Saturday, December 29, 2012

I fuochi artificiali di Kobe: 110 punti in due partite!

Il tira chi è libero è semplice. Tira chi è libero. Se uno si fa trovare wide-open per quindici volte nel primo quarto, tira quindici volte. Se questo “uno” è Kobe Bryant viene fuori La Prestazione. Ce n’è almeno una in ogni Universo, uno ‘sfogo da pagare’ alla macchina di canestri più devastante degli ultimi quarant’anni. Quando al dodicesimo minuto del derby con i Clippers, in casa loro, il Mamba-bottino è già di 28 punti si capisce subito come va a finire. Se fa gli altri tre quarti alla Kobe normale, va per i cinquanta-sessanta. Se li fa come il primo quarto, batte Chamberlain. Li ha fatti ‘più o meno normale’, in media quaranta (dieci a quarto).

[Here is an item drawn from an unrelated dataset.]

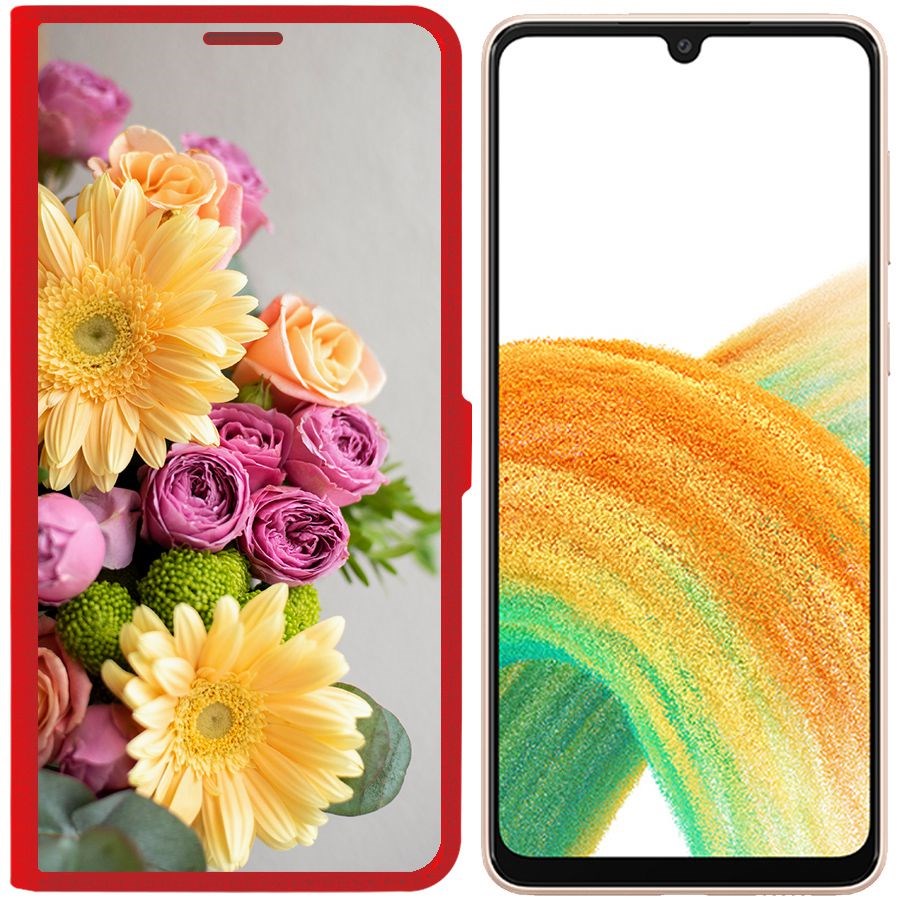 

Чехол-книжка Eco Book для Samsung Galaxy A33 5G (A336) Букет, Красный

Alla fine, quindi, sono stati 64, con percentuali unreal (20/26 da due, 6/12 da tre), comprese due triple assurde sulla sirena dei 24 secondi con l’avversario incollato addosso. Sessantaquattro punti con soli sei liberi tirati (tutti a segno). Ma ciò che più è importante è la vittoria sui Clippers in una partita per niente a senso unico. A pochi minuti dalla fine eravamo solo a +2 (95-97) e sono state due triple di Metta e un tiro in sospensione di Nash, tutti da liberi e scaturiti dai raddoppi su Kobe, a darci i due punti (101-115). Pesa ancora, però, la gara precedente, una sconfitta pesantissima contro i Golden State Warriors che ci aveva fatto uscire dalla prime otto. Loro, inoltre, sono una squadra con cui potremmo finire pari per l’ottavo posto a Ovest. Perdendo in casa nostra, 104-108, lo scontro diretto è finito a loro. Non fatevi ingannare dal risicato -4, a undici minuti dalla fine eravamo a -23… Ci hanno cancellato, in lungo e in largo. Un paradisiaco Kobe (46 punti, 6 rimbalzi, 6 assist) era stato poi in grado di riportarci fino ad un incredibile -2 a 50” dalla fine, poi David Lee dal nulla ci ha steso in ginocchio con due rimbalzi offensivi convertiti in canestri.
Già, Kobe ha smitragliato 110 punti nelle ultime due partite. E’ in modalità guerra nucleare.

Effetto Lo Hobbit


L’El Segundo Times spara a zero su Papanikolaou pubblicando le sue cifre impietose in prima pagina – 3,4 punti, 2,0 rimbalzi, 1,2 assist, 32,7% dal campo col 20% da tre – scrivendo sotto a caratteri cubitali “e questo sarebbe il Kukoc greco?”. L’El Segundo Times, taglia corto il Coach Zen, guardando un uovo si domanderebbe: e questo sarebbe un cigno? C’è invece una partita impegnativa a bestia da giocare allo Staples contro i giovani Cavaliers di Kyrie Irving. E’ un match-trappola, apparentemente non di cartello, ma nelle nostre condizioni di squadra con 7 vinte e 7 perse che sta per entrare nella parte più difficile del suo calendario una sconfitta contro i Cavs sarebbe pesantissima. Ci dominano. La scena e tutta loro nel primo tempo, fino a che nel terzo quarto non andiamo di ‘prostituscione intellettuale’ schierando zone (3-2 e 1-3-1) fino alla fine. Zone ferocissime, dove riusciamo a chiudere su ogni ribaltamento di lato. In attacco, oltre ad Howard Mvp statistico (18 punti, 8/10, 10 rimbalzi), è Barea che si prende la squadra in mano tirandoci fuori di peso dalle sabbie mobili. Il play portoricano finisce con 18 punti (seppur con 17 tiri) in una giornata dove Kobe è un po’ offuscato (19 con 8/17), anche se è sempre il Mamba nel finale, dopo il tiro del pareggio sbagliato da Cleveland, che indovina l’entrata, con fallo e libero aggiuntivo consegnandoci la quinta vittoria nelle ultime sei partite (101-97). E’ questo il ruolino di marcia dall’arrivo di Barea e dall’introduzione del ’23 Bulls slash post'. E anche Nash (oggi 14 punti e 7 assst) sta beneficiando dell'arrivo di Lo Hobbit: il canadese, giocando qualche minuto in meno rispetto ai tempi di quando c'era Blake, è più fresco.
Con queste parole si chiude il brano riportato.